• _EXERCISE DESCRIPTION_
Extract exactly and only the lines from the one containing "section 17, row" through the end of the entries below. Pictures should not appear in the copy.
---------- DATA PROVIDED
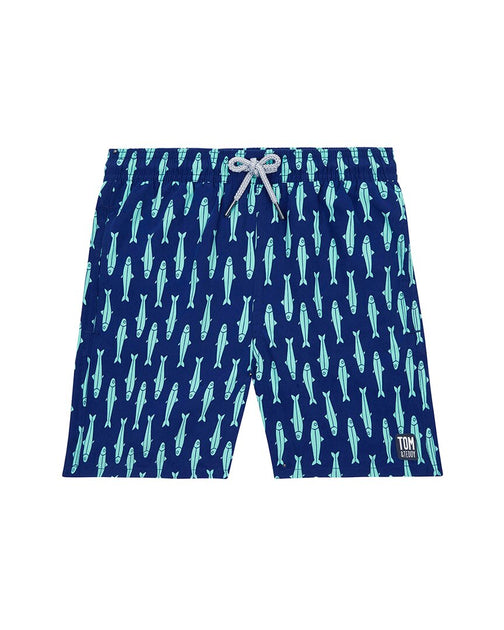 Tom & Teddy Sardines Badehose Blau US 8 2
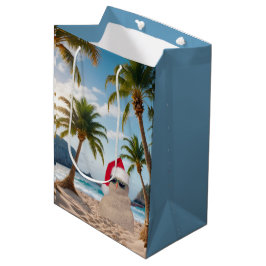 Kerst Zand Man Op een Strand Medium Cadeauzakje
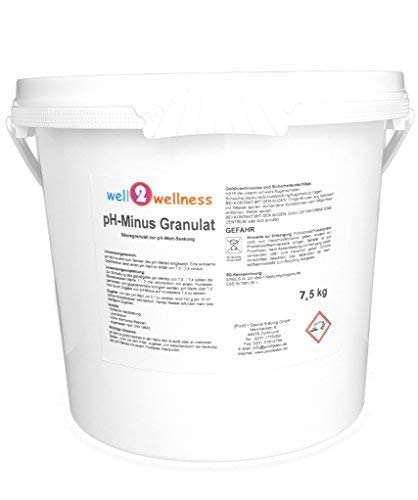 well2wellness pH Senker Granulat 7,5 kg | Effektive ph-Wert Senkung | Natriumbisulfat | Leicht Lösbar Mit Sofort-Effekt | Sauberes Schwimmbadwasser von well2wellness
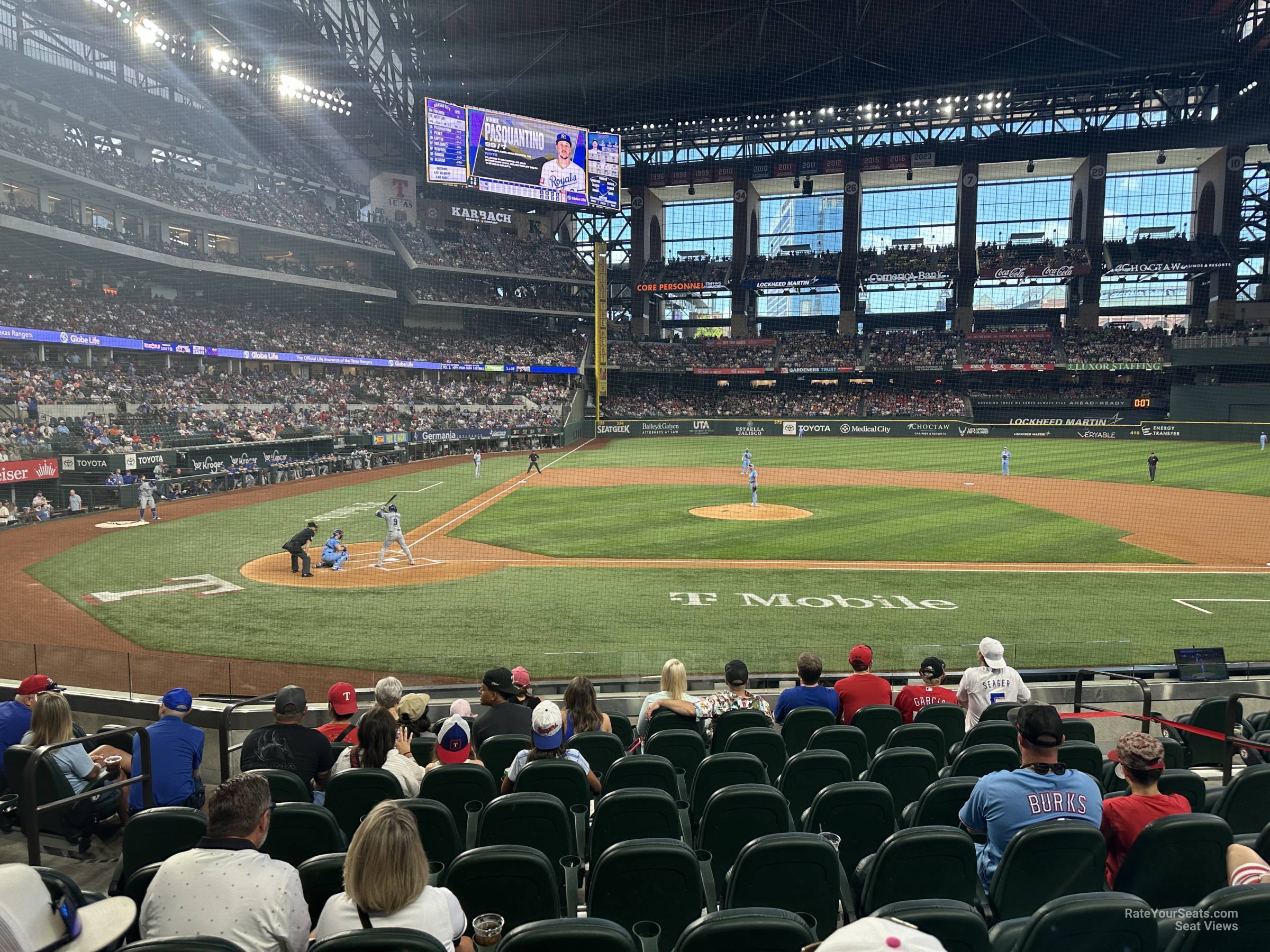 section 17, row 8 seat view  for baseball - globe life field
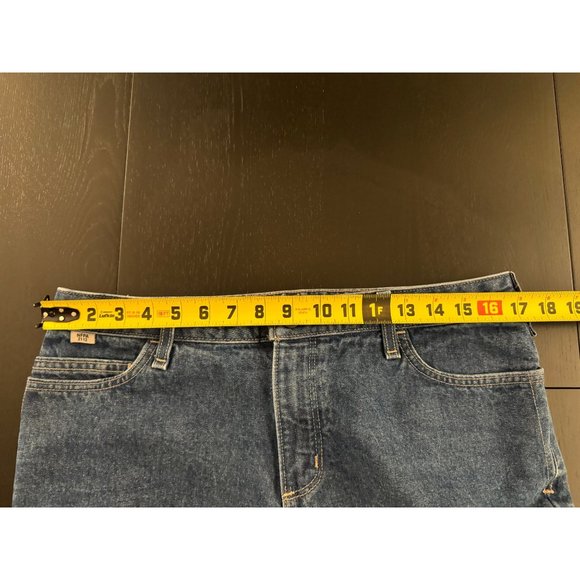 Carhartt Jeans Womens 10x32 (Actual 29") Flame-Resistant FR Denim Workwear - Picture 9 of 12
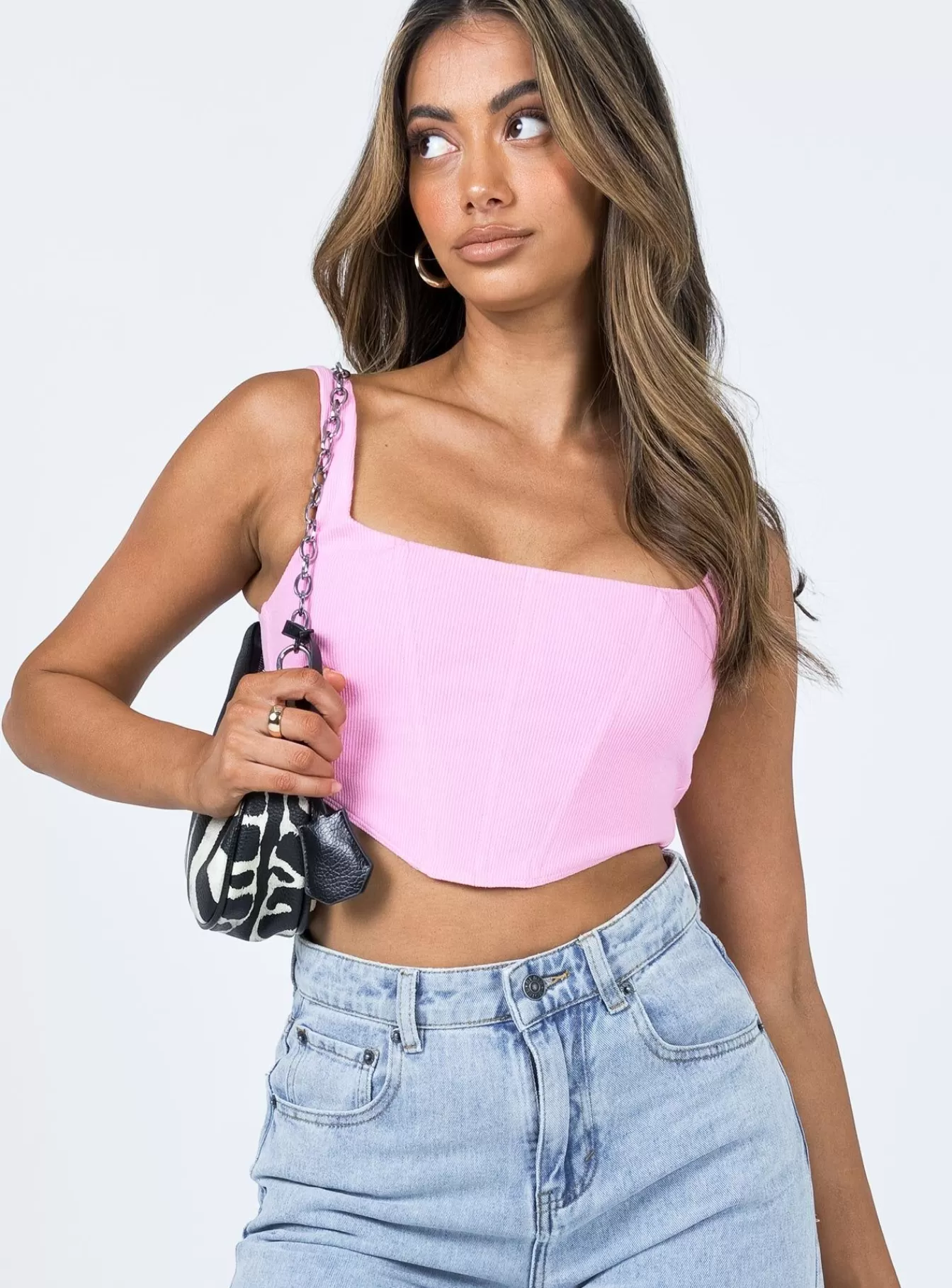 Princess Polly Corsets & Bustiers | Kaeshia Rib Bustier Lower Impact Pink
--------------------
• _PROBLEM SOLUTION_
 section 17, row 8 seat view  for baseball - globe life field
 Carhartt Jeans Womens 10x32 (Actual 29") Flame-Resistant FR Denim Workwear - Picture 9 of 12
 Princess Polly Corsets & Bustiers | Kaeshia Rib Bustier Lower Impact Pink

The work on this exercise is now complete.